Bulletin Board

Ella - living life on her own terms

Written by Kathleen Anne Burke | Dec 3, 2025 2:00:02 PM

Ella was my grandmother. I would like to say she was a lovely person, a cuddly kind of gran – the kind you see portrayed in books and pictures. The truth is, she was a rather miserable woman. Prim and proper with no sense of humour might have been how I felt about her in my youth, although now I realize she was a brave woman who fought the norms of her time and got through life on her own terms.

 If I were to put myself in her shoes, I realize that I would have been miserable, too. A farm girl from a small village in Germany, she arrived in England to work as a maid when she was in her late teens, leaving her parents and three sisters behind. She knew no English, and she arrived in London two years before the start of WWI - when she was on the enemy side.

But those were the least of her problems, because in 1912, this very prim and proper young lady became pregnant and, to make matters worse, when she gave birth in January 1913, there was not one illegitimate baby but two: a boy and a girl.  Since the topic was never discussed in our house, we have no idea how she made it. This pressure is likely what led her to give up her son. 
I often wonder why she didn’t return to her family on the farm. There is no evidence that she was shunned, and she visited her sisters often in later years. Perhaps she took too long considering what to do, because no sooner had she taken on the task of providing for her daughter, World War One started, and she was stuck in England as an enemy alien, confined to a limited geographic area, and subject to constant check ins with the British authorities. In fact, she went through a second World War as an enemy alien before finally becoming a British citizen in 1948.  We were told that in wartime, Ella told people she was from Holland to deflect criticism of her German citizenship.

Around 1914, Ella started working as a room maid in hotels – a job she continued for the rest of her working life. Perhaps the disgrace of being an unwed mother prevented her from obtaining a position in a private home, but more likely hotel work was not only more anonymous, it also offered an opportunity to obtain accommodation and food while receiving tips which, together with her wages, allowed her to pay for foster care, and later, boarding school for her daughter. She was determined that her daughter should finish high school and make something of herself, so you can imagine her disappointment when her daughter fell in love with and married a practically illiterate, but completely charming rogue - with, it was felt, no future.

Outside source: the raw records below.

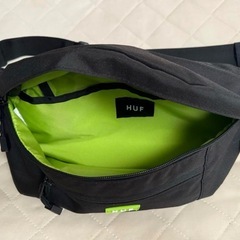 HUFショルダーバッグの画像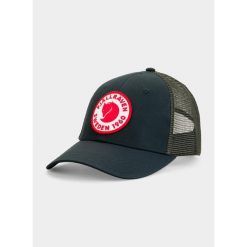 Czapka truckerka Fjallraven 1960 Logo Langtradarkeps. Niebieskie czapki męskie Fjällräven, bez wzorów, sportowe. Za 177.99 zł.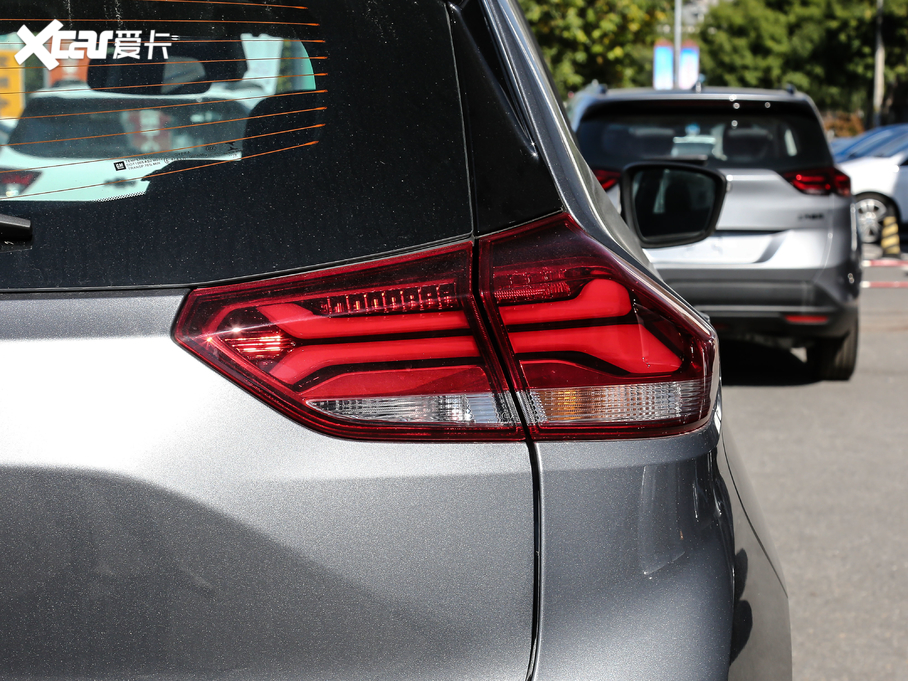 2019(chung) Redline 335T CVTO (gu)VI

I guess Ella recognized a rogue when she saw one, because, although her son-in-law did make something of himself professionally, he just couldn’t stay away from the ladies – in a sense vindicating her early doubts about the marriage, and, one suspects,  giving her a guilty sense of satisfaction  knowing she’d been right to object to the marriage in the first place.
It appears history was repeating itself. Ella’s daughter was left with two young daughters and a cheating husband. 

Ella must have transferred some of her indomitable spirit. Soon enough, out went the cheating husband, in came twelve hour working days, and things went along relatively smoothly until her daughter remarried, this time to a hard working, faithful man who doted on her.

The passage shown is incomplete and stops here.